● WHAT IS EXPECTED: Please give an exact copy of every line from the one holding "2320 Crystal Court, Loganville, Georgia" through the final line of the records below.

[Crawled caption data]

━━━━━━━━━━━━━━━━━━━━━━━━━━━━━━

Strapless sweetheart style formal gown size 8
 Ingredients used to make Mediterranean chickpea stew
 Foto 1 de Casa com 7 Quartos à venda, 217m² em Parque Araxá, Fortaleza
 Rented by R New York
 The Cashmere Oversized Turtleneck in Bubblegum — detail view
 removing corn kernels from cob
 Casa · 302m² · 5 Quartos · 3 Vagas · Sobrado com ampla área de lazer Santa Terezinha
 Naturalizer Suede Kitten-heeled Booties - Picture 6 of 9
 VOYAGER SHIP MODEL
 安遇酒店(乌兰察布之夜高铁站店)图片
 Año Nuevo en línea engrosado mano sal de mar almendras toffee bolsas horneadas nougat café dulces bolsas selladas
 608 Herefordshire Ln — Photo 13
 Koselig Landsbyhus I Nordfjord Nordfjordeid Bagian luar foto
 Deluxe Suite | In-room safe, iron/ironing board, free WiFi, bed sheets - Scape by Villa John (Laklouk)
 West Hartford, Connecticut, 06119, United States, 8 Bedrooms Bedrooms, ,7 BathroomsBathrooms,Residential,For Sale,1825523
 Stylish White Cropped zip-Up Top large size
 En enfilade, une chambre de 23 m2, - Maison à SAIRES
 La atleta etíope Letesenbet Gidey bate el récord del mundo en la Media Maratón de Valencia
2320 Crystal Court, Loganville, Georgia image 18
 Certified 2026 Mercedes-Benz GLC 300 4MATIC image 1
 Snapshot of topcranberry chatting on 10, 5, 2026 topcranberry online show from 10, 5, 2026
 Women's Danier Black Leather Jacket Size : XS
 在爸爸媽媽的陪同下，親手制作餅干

━━━━━━━━━━━━━━━━━━━━━━━━━━━━━━

● EXPECTED ANSWER:
2320 Crystal Court, Loganville, Georgia image 18
 Certified 2026 Mercedes-Benz GLC 300 4MATIC image 1
 Snapshot of topcranberry chatting on 10, 5, 2026 topcranberry online show from 10, 5, 2026
 Women's Danier Black Leather Jacket Size : XS
 在爸爸媽媽的陪同下，親手制作餅干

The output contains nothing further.